(Data begins)

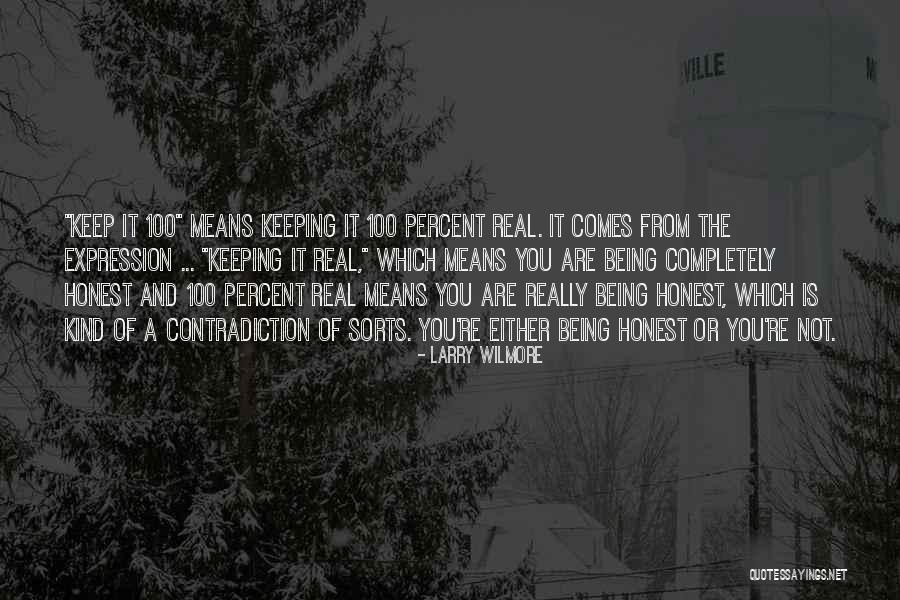 Keeping It 100 Quotes By Larry Wilmore Keeping It 100 Quotes By Larry Wilmore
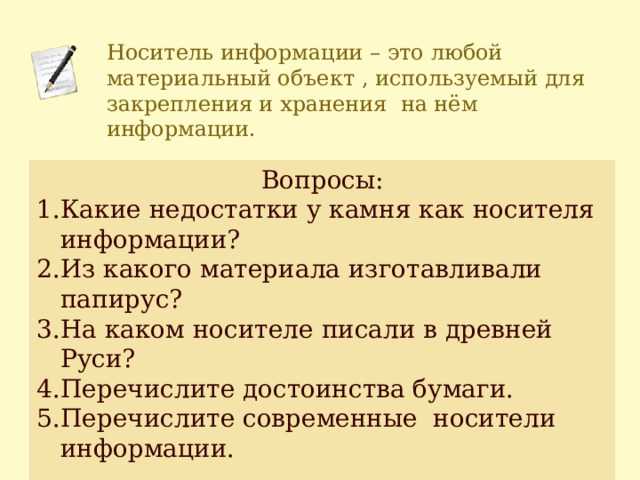 Носитель информации – это любой материальный объект , используемый для закрепления и хранения на нём информации. Вопросы: Какие недостатки у камня как носителя информации? Из какого материала изготавливали папирус? На каком носителе писали в древней Руси? Перечислите достоинства бумаги. Перечислите современные носители информации. 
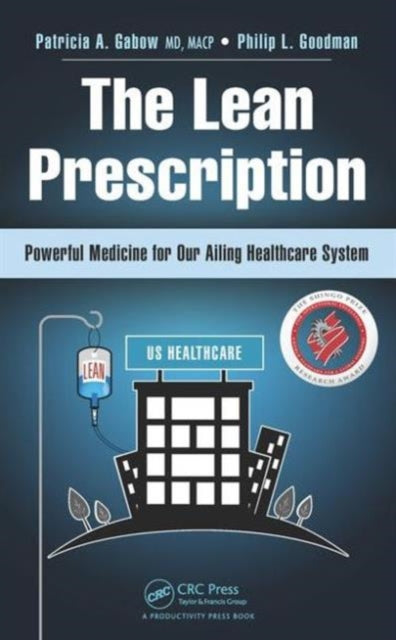 The Lean Prescription: Powerful Medicine for Our Ailing Healthcare System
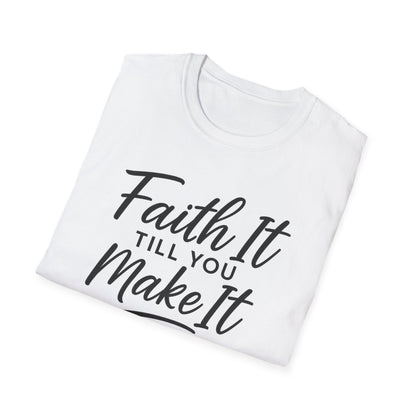 Faith It T-Shirt
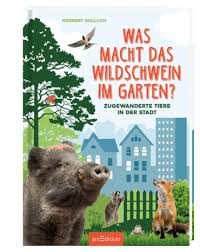 Strong Wilde Tiere In Der Stadt Strong Br In Diesem Coolen Sachbuch Finden Jungs Und Madchen Ab 8 Jahren Viele Interessa Wildschwein Wilde Tiere Schwein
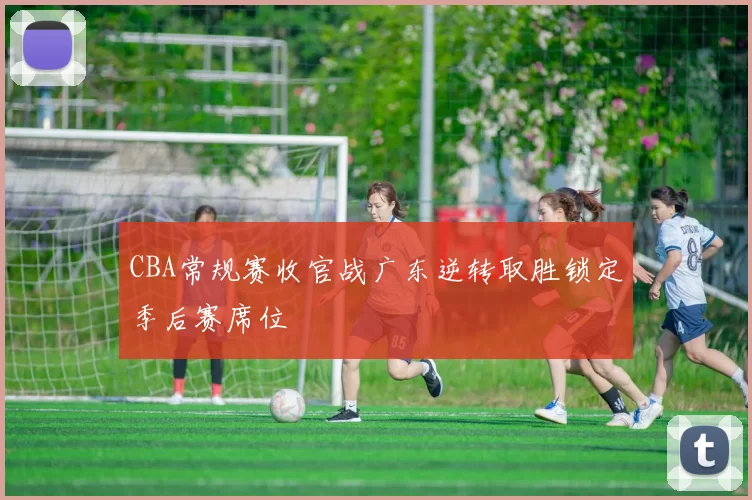 CBA常规赛收官战广东逆转取胜锁定季后赛席位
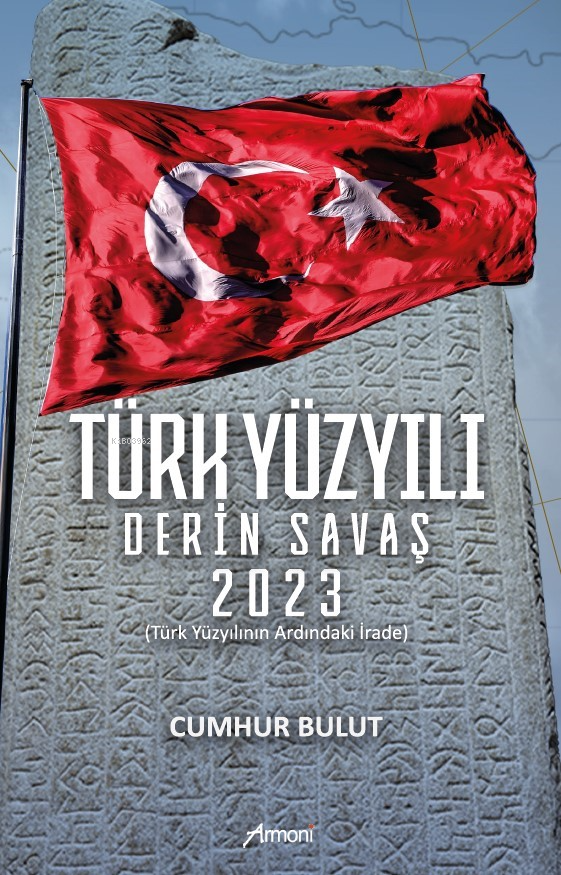 Türk Yüzyılı Derin Savaş 2023Türk Yüzyılının Ardındaki İrade | Cumhur Bulut | Armoni Yayınları | 9786256888357 | 
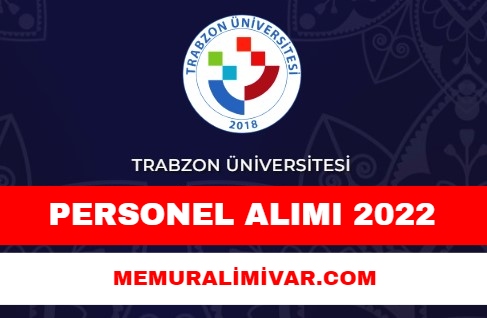 Trabzon Üniversitesi Personel Alımı 2022 – Başvuru Formu ve Şartları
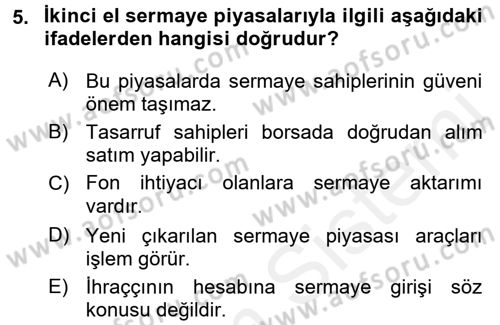 Sermaye Piyasası Hukuku Dersi 2015 - 2016 Yılı (Vize) Ara Sınav Soruları 5. Soru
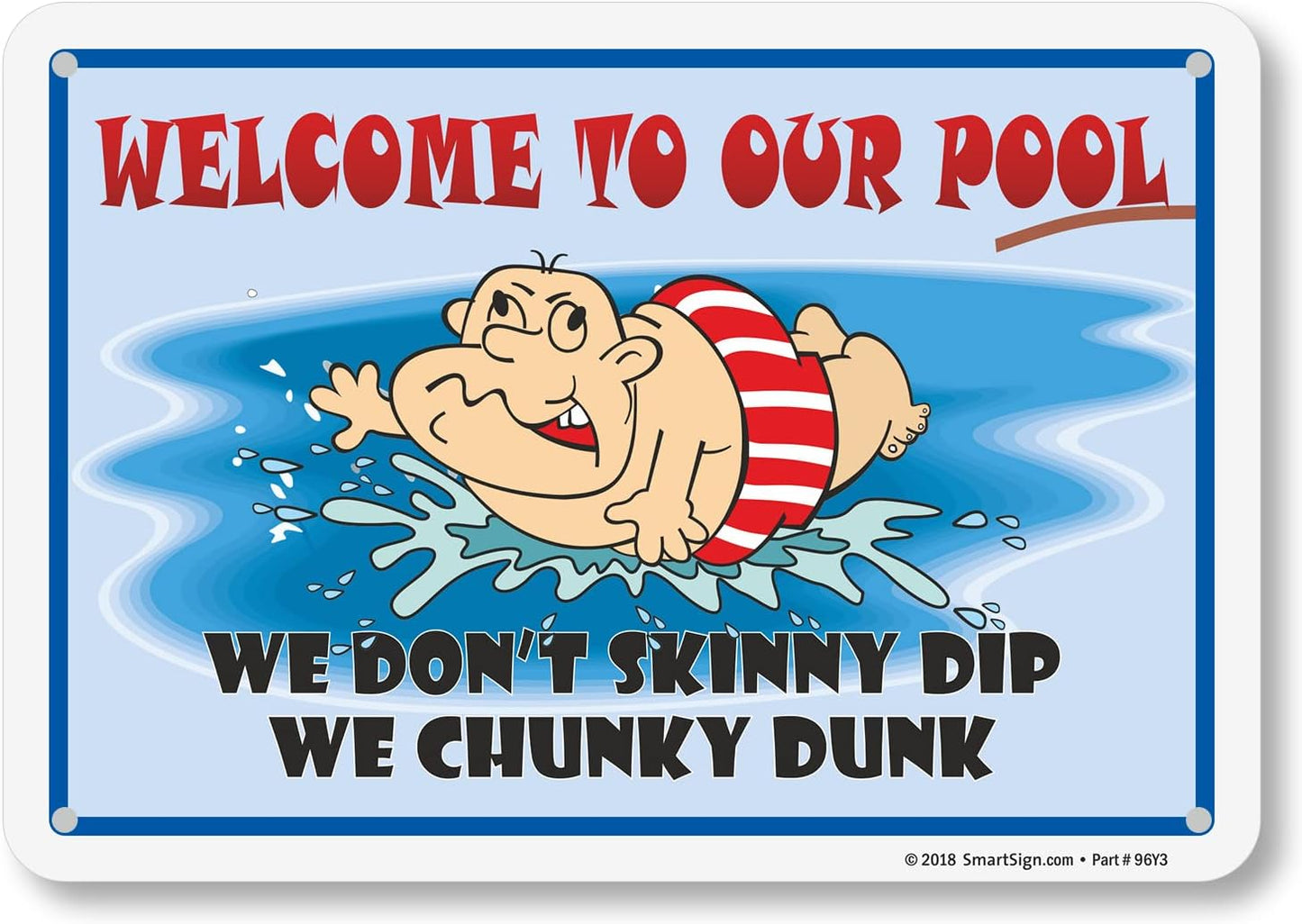 Cartel aluminio serigrafiado Welcome to Our Pool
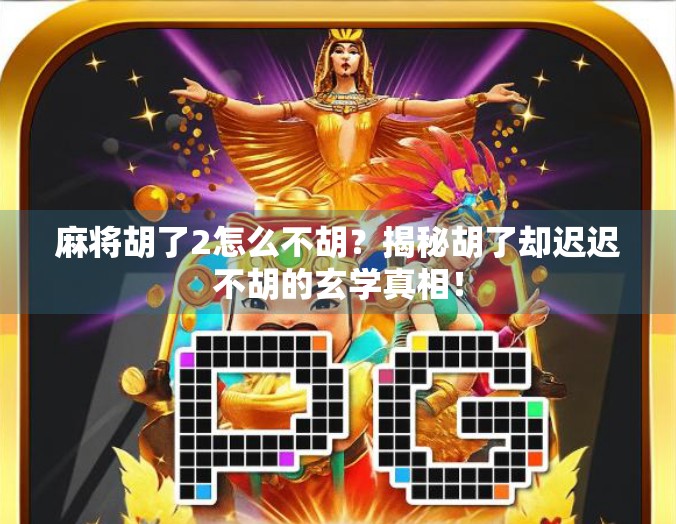 麻将胡了2怎么不胡?揭秘胡了却迟迟不胡的玄学真相!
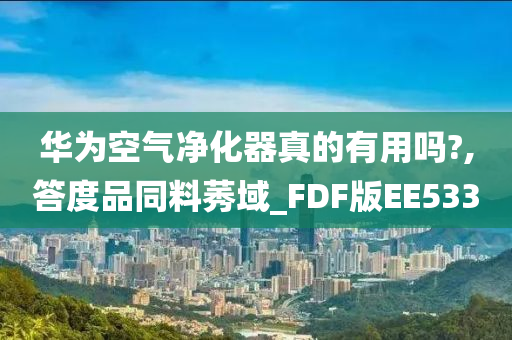 华为空气净化器真的有用吗?,答度品同料莠域_FDF版EE533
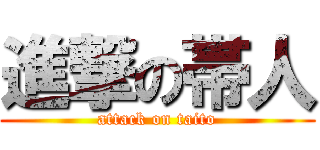 進撃の帯人 (attack on taito)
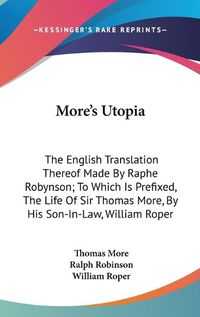 Cover image for More's Utopia: The English Translation Thereof Made by Raphe Robynson; To Which Is Prefixed, the Life of Sir Thomas More, by His Son-In-Law, William Roper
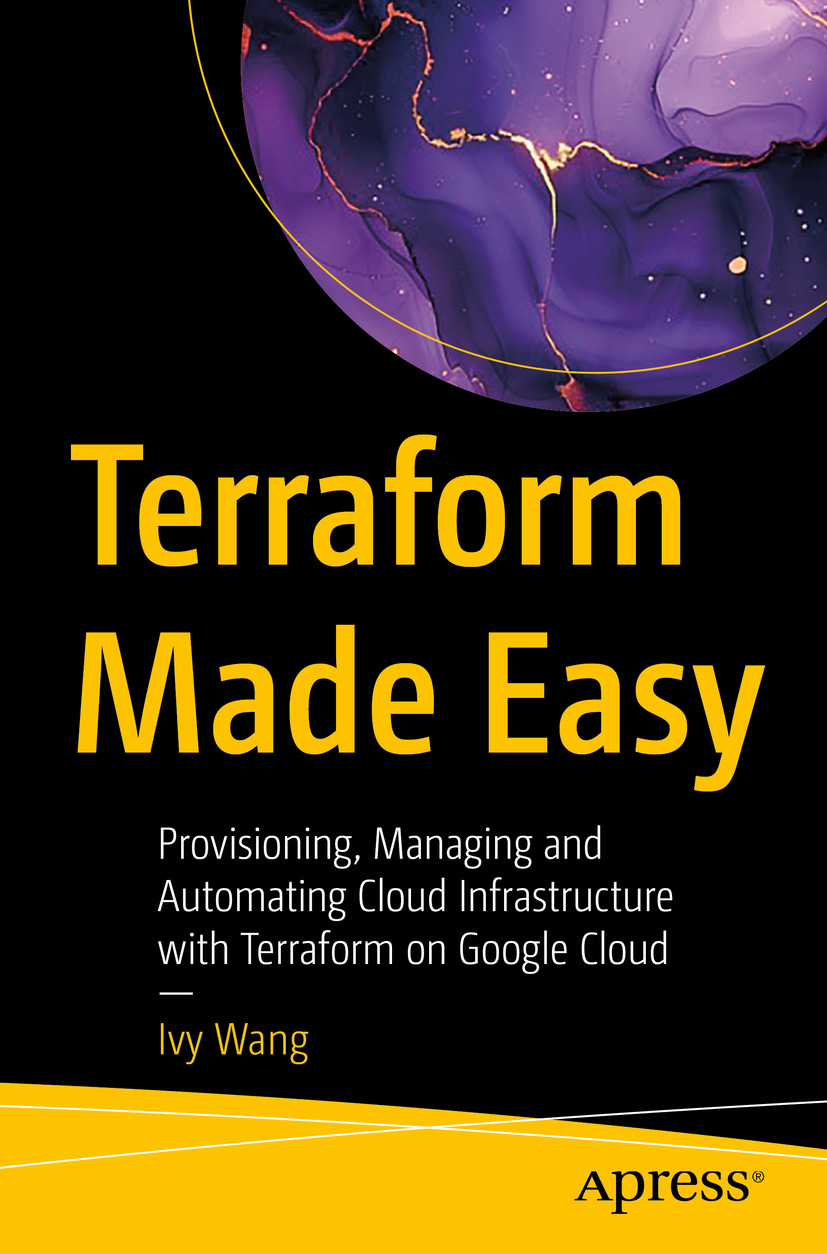Terraform Made Easy Provisioning Managing And Automating Cloud Infrastructure With Terraform On Google Cloud Ivy Wang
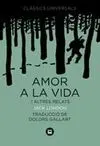 Amor a la Vida I Altres Relats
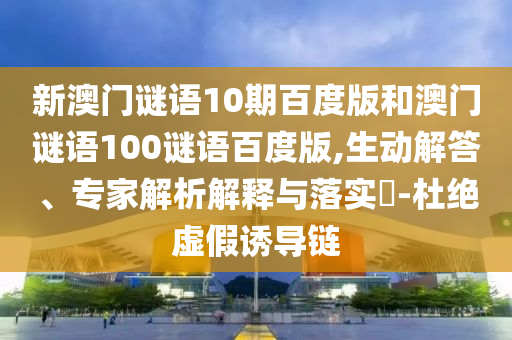 新澳门谜语10期百度版和澳门谜语100谜语百度版,生动解答、专家解析解释与落实-杜绝虚假诱导链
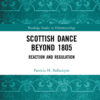 Scottish Dance Beyond 1805: Reaction and Regulation, 1st Edition eBook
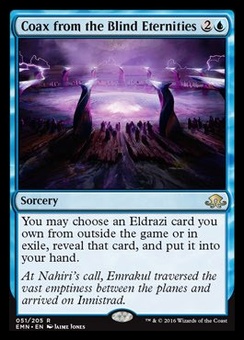 Coax from the Blind Eternities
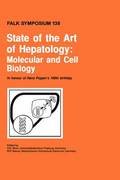 State of the Art of Hepatology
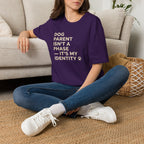 Dog Parent Isn't A Phase T-Shirt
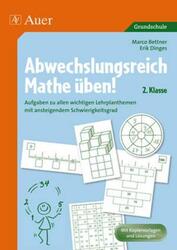 Abwechslungsreich Mathe üben! 2. Klasse Marco Bettner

(Data ends)

◆ **Action item**: After locating the line that contains "Amor a la Vida I Altres Relats", output it and all later lines through the end of the material exactly, leaving out pictures.

◆ **The completed task**:
 Amor a la Vida I Altres Relats
 新澳门谜语10期百度版和澳门谜语100谜语百度版,生动解答、专家解析解释与落实-杜绝虚假诱导链
 Scottish Dance Beyond 1805: Reaction and Regulation, 1st Edition eBook
 Coax from the Blind Eternities
 State of the Art of Hepatology
 Dog Parent Isn't A Phase T-Shirt
 Abwechslungsreich Mathe üben! 2. Klasse Marco Bettner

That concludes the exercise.